Harper edits Quill, a Red Hen imprint that publishes a prose work by one queer author once per year and hosts a $1,000 writing prize to support these writers. Over the years, Red Hen has added a number of other imprints to focus on underrepresented communities. Editor Eloise Klein Healy founded Red Hen’s Arktoi Books imprint in 2006, publishing literary fiction and poetry by lesbian writers. The University of Notre Dame’s Institute for Latino Studies partnered with Red Hen to create the Letras Latinas imprint for Latinx poets. The imprint awards the $1,000 Letras Latinas/Red Hen Poetry Prize every other year and publishes a book by the winner.
“Without a publisher like Red Hen, poetry would languish,” said Erica Jong, one of a number of well-known authors—such as Chris Abani, Brian Doyle, and Percival Everett—who are published by Red Hen. “They publish books based on their quality rather than their financial potential,” she added. “You get to know the editors and marketing managers by name and your participation is valued.” (Red Hen published Jong’s book of poetry, The World Began with Yes, in April.)
For the past 16 years, Red Hen has carried its indie spirit into local schools, nurturing the next generation of literary talent in Los Angeles. The press launched its Writing in the Schools (WITS) program in 2003, connecting Red Hen authors to students in local grade schools, middle schools, and high schools. Since its beginning, the program has shared free creative writing workshops and literary anthologies with more than 4,000 low-income students in Los Angeles schools. Each year, around 250 students join these classroom workshops led by Red Hen authors. The students discuss a poem or short story in each class before writing their own work.

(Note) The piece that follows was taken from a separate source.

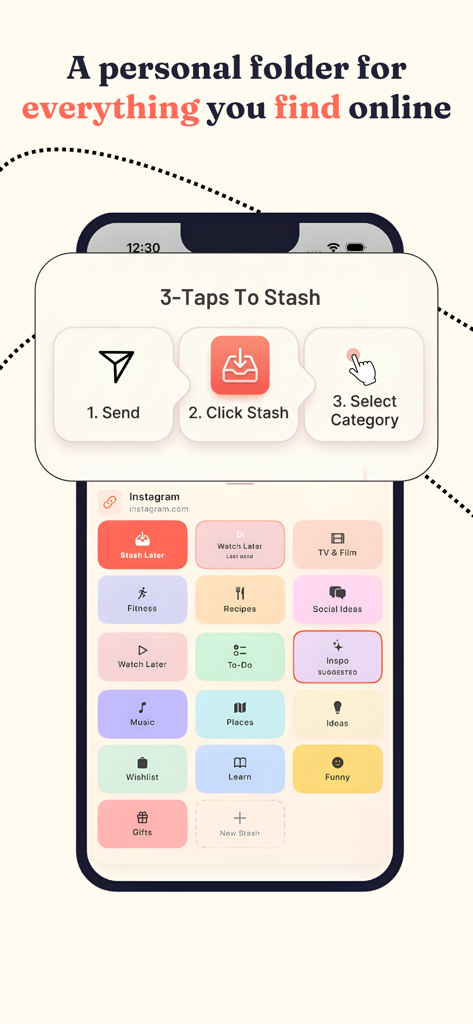 Stash Anything: Save & Sort - A screenshot showing the 3-tap process to save online content into organized categories like recipes, fitness, and wishlist in the Stash Anything app.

“No matter where you’re from or what your background is, we can find a poetic form from a community of people who look like you,” said Douglas Manuel, a Red Hen poet and WITS instructor, who calls this spirit of literary inclusivity “canon reformation.” “We are letting in so many new and different voices and approaches,” he added. “In my class, we’re writing Arabic Ghazals, Afghani Landays, and Japanese Zuihitsus.”
The workshop climaxes when students get a bound anthology from Red Hen that collects their writing—a life-changing experience for many of them. According to a survey of students who participated in the workshops in the 2017–2018 school year, 95% left with an interest in writing poetry. “I think I’ll write poems when I’m having a bad day,” said one 10th-grade participant.
Red Hen gives students a free book for the class—one of two textbooks that the press developed specifically for WITS workshops: How to Free a Naked Man from a Rock (a literary anthology for high school students) and Did Pirates Rip Her Arms Off? (a literary anthology for younger readers). Deputy director Harper stressed that anthologies are another way Red Hen fulfills its inclusive mission, adding that the press has tapped poet Kazim Ali to edit an anthology of Muslim American voices for 2020.
“We do our best at all times to always be thinking about diversity—diversity not just of background or race but a diversity of story, of queerness, of bodies, and of personal life histories,” Harper said.
“For so long, we let the same types of people talk and the same types of people dictate the aesthetic decisions that we make,” Manuel said, describing the positive impact that Red Hen has had by publishing voices from diverse communities. “Things are definitely changing and getting better, but we’ve still got so much work to do.”